### TASK ITEM
With the pictures left out, retype exactly the lines below starting at the line that contains "Casa – Algorfa, Urbanización" and ending at the line that contains "Suzuki Gsf 650 (2013) thumbnail 1".

### DATA FOR THIS TASK
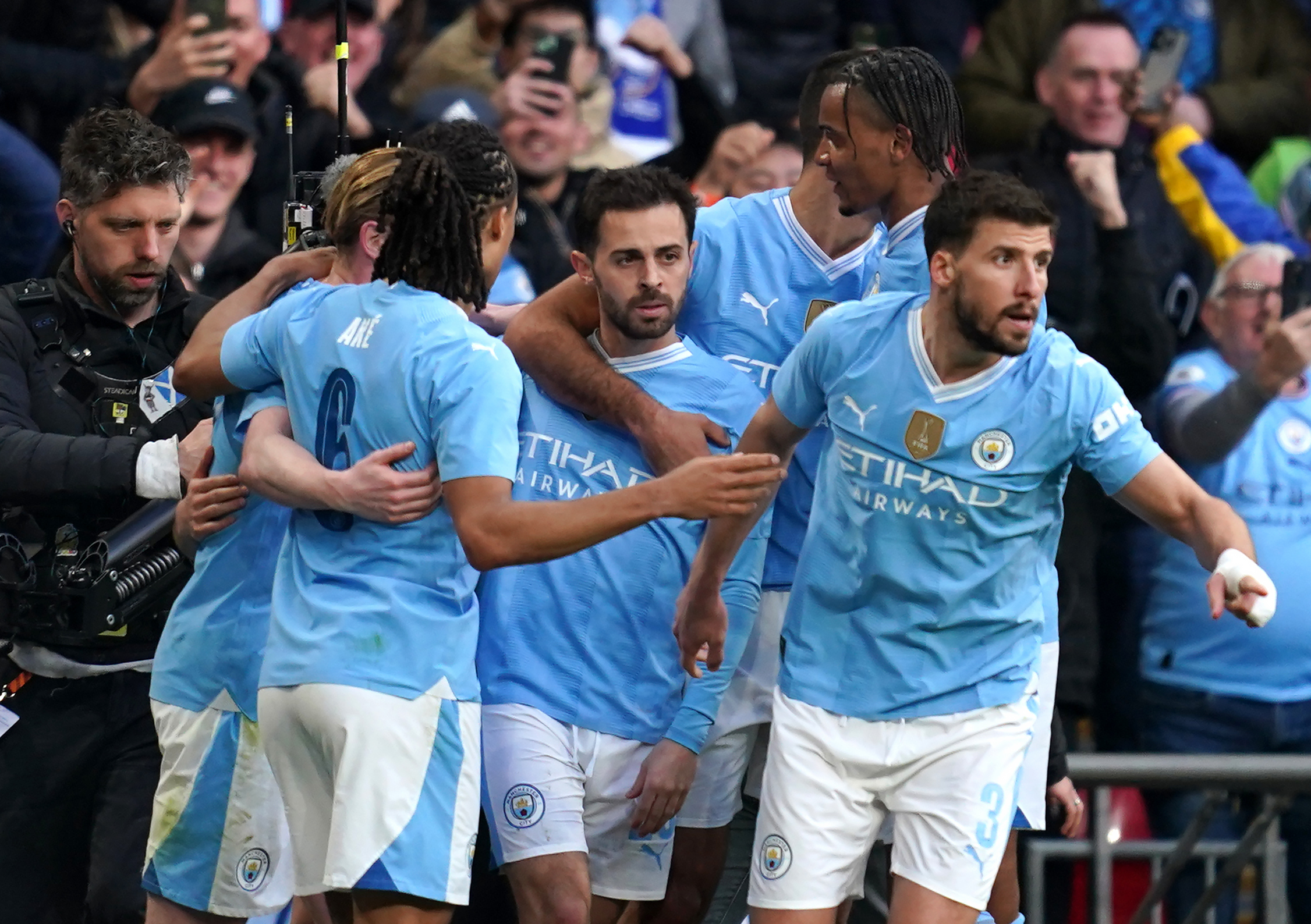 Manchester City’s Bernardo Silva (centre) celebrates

...

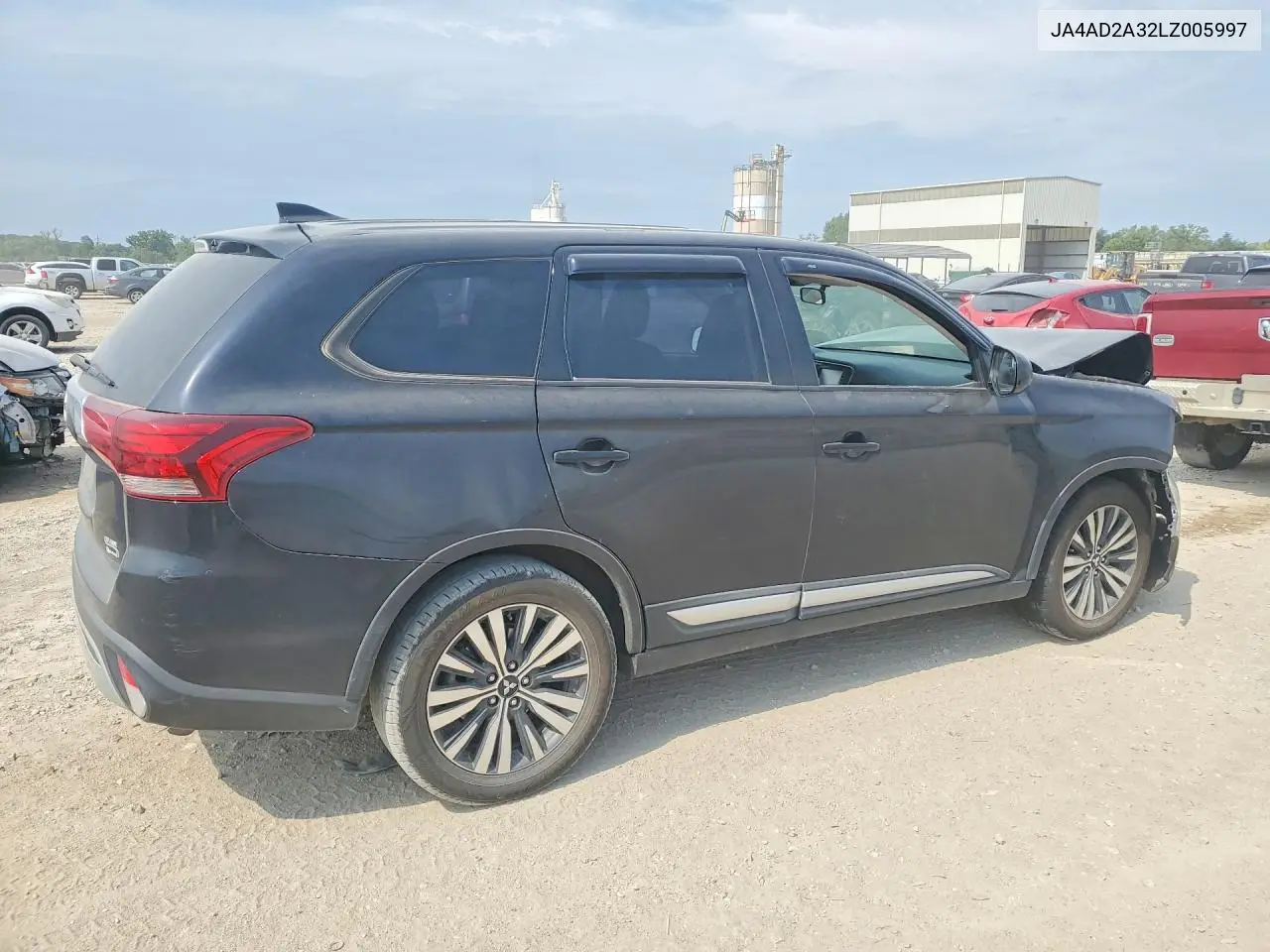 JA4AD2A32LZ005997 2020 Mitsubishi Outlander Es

---

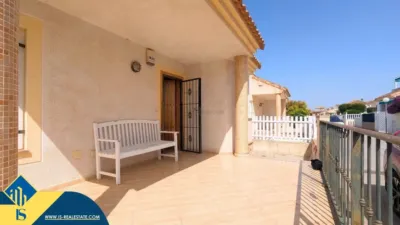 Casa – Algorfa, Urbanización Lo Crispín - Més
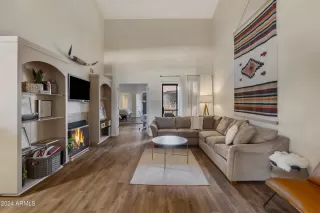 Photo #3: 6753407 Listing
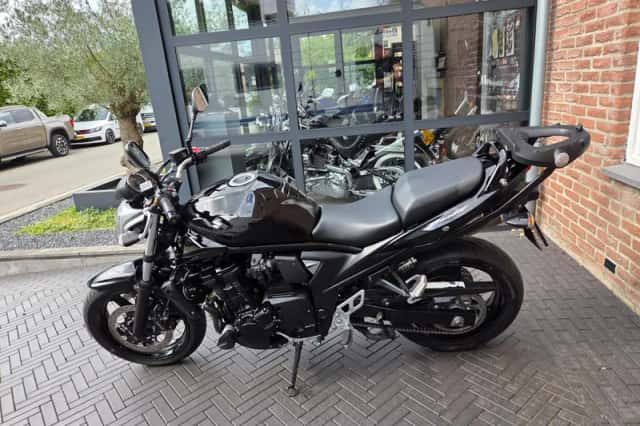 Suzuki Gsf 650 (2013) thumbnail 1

### ANSWER BOX
 Casa – Algorfa, Urbanización Lo Crispín - Més
 Photo #3: 6753407 Listing
 Suzuki Gsf 650 (2013) thumbnail 1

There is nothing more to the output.